Real names, real results

An early cultural mismatch is part of how Facebook became a networking tool in Japan.

The Japanese-language version of Facebook was launched in 2008, and those signing up for the platform had to use their real names. But this requirement was at odds with how Japanese people were using social media at the time: 75 per cent preferred to use a pseudonym online.

However, among professionals who had already met in person, Facebook gradually became a way to stay in touch and signal trust, because it fit the country’s existing norms around relationship-building.

People connect on Facebook after they meet in person at an event, over a meal, or through a trusted introduction. The platform became the natural post-meeting handshake and evolved – quietly but persistently – into a working professional tool.

Over the last 20-odd years, I’ve seen Facebook Messenger act as a kind of stealth business-to-business platform in Japan. Meeting follow-ups, business updates, partnership pitches and even job offers – all of this flowed through the platform in one way or another.

Not because there’s no alternative, but because this is what people trust. It’s personal, persistent, and rooted in real relationships.

That’s what makes LinkedIn’s position in Japan so awkward.

When the platform launched in the country, its branding as a recruitment tool put it behind the eight ball from the outset. If someone was on LinkedIn a decade ago, you would have assumed they were looking to jump ship – a proper red flag in Japan’s loyalty-centric corporate culture.

That perception has been hard to shake, even as LinkedIn has moved towards broader professional branding and content sharing. While there’s no doubt it’s growing, it’s still niche, especially among monolingual local professionals and companies with a purely domestic focus.

What emerged instead is a fragmented but functional B2B stack.

In Japan, Facebook remains the soft touchpoint for introductions and identity. With around 97 million monthly active users, Line dominates real-time chat and is deeply embedded in consumer relationships and campaign mechanisms. X (formerly Twitter) is generally a great pulpit for thought leadership, but anonymity limits its usefulness in business contexts.

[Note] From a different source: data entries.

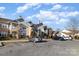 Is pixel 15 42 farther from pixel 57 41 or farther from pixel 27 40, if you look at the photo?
pixel 57 41

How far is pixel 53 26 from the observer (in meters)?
9.25

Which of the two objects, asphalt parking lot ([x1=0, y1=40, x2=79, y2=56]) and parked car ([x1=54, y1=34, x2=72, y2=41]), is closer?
asphalt parking lot ([x1=0, y1=40, x2=79, y2=56])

Platforms such as Eight or Sansan are pushing to digitise the old-school business card exchange. Wantedly and BizReach play well in recruitment, but they don’t function as broad networking ecosystems.

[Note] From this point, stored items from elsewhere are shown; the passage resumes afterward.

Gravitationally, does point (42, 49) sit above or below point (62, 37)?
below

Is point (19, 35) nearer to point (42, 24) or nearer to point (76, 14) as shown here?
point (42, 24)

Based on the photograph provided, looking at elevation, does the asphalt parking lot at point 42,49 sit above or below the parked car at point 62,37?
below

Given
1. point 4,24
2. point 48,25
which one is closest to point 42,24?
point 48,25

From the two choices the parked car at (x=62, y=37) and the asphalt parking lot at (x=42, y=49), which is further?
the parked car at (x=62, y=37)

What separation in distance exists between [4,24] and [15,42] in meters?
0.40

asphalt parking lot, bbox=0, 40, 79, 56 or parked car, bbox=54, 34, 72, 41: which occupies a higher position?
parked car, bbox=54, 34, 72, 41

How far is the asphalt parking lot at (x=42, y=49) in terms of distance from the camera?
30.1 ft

And Note, a key Japanese blogging platform often overlooked by new market entrants, can prove to be a surprisingly effective format for publishing longer-form company updates, establishing brand narratives, and potentially attracting new hires.

The networking playbook

If you’re coming from South-east Asia and networking in Japan for the first time, it can be disorienting. In markets such as Singapore or Indonesia, LinkedIn is often the first step, not the fallback.

In many countries, outreach, prospecting and even pitching can be done cold, digitally and at scale. But that’s rarely the case in Japan, where relationships lead the technology, not the other way around.

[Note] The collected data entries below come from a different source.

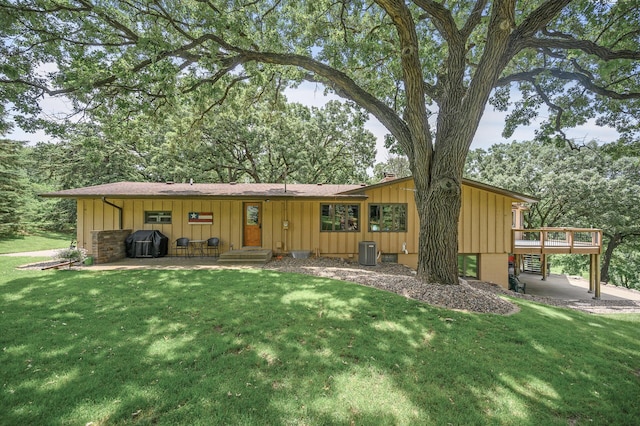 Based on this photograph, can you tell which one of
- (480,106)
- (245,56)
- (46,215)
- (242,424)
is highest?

A meeting might be formal, but the follow-up comes on Facebook Messenger. A chief executive officer might ignore a LinkedIn InMail because they don’t log onto the platform regularly, but they respond quickly on Facebook after being introduced over dinner.

An investor might read your whitepaper on LinkedIn but expect updates via Line. It’s not inefficient, just different – if you can’t tune into that rhythm, you risk talking past the people you’re trying to engage.

Of course, Facebook has its limits and its reach is fading, even in Japan. Younger professionals are less likely to default to it, but that hasn’t stopped it from being effective. Because in Japan, it isn’t the platform alone that matters – the context of connection is important, too.

Trust, proximity and familiarity are the currencies of Japanese business, and the tools used to build them are incidental.

This is often overlooked in many go-to-market strategies for Japan. Where other companies think in terms of platforms, Japanese business thinks in terms of people.

Cold outreach campaigns, growth hacks and scaled messaging funnels hit a wall fast if they aren’t grounded in relationships. If you’re trying to break into Japan with a funnel that skips the human layer, you’ll find yourself circling, not landing.

The B2B stack

That being said, what does work?

First, Japan remains a predominantly face-to-face market. The handshake, the shared drink, and the context are not optional extras, but the foundation.

If you can’t be here yourself, make sure someone you trust is. Business development doesn’t happen over the wire or online, but in rooms.

Second, treat Facebook as a business tool. That means keeping a presentable profile, having a localised corporate page in Japanese that posts regularly, and knowing when to follow up.

You must respect the unspoken rules of connection. Don’t add someone before you’ve met. Don’t pitch before you’ve earned the right to. But once you’re in, nurture the relationship.

Third, build a stack that reflects reality.

Use official accounts on Line for quick chats and customer engagement. Explore Note to anchor your corporate presence in the broader ecosystem.

Even posting in Japanese on X would be a smart move for companies in the country. Campaigns work well on this platform too, if executed well.

Of course, don’t dismiss LinkedIn. It’s great for reaching out to bilingual job candidates and those in international-facing roles.

However, don’t think that going all in on LinkedIn ads will have a significant impact on your bottom line in Japan. It most likely won’t, not in the same way it might overseas – at least not yet.

Finally, calibrate your expectations: Japan doesn’t reward speed, but consistency and persistence. Just look at the degree of patience it took Nestle to crack the market.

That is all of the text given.